Problem details >> In the listing below, find the line that contains "The Primitive Peddler, Inc." and the line that contains "refer a friend". Quote both and every line between them, exactly, and nothing more.

Data for the task >>
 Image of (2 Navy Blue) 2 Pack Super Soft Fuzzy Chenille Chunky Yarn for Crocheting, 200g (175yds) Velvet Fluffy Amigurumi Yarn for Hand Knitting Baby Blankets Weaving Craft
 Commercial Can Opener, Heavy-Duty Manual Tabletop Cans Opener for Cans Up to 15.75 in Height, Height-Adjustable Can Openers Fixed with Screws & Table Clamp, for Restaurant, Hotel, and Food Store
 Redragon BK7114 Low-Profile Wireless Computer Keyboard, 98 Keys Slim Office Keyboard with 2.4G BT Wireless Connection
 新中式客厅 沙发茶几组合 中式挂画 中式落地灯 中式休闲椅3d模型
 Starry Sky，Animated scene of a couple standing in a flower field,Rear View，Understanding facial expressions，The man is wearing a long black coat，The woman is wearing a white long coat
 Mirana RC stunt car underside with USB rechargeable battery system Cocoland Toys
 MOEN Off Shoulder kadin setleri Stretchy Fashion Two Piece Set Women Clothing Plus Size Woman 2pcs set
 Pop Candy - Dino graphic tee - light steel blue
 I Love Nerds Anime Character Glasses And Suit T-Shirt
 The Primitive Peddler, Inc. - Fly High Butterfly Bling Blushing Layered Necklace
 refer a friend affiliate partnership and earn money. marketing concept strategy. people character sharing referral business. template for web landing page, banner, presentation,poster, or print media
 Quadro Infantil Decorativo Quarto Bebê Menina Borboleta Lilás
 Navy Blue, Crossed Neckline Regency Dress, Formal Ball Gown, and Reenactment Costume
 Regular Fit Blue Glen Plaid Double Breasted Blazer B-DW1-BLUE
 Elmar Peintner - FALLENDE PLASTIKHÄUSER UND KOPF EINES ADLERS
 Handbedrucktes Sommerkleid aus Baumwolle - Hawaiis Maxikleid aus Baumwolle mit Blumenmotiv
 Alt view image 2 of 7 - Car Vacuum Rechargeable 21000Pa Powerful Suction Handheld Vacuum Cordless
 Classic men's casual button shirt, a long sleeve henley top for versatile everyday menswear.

Exercise solution >>
 The Primitive Peddler, Inc. - Fly High Butterfly Bling Blushing Layered Necklace
 refer a friend affiliate partnership and earn money. marketing concept strategy. people character sharing referral business. template for web landing page, banner, presentation,poster, or print media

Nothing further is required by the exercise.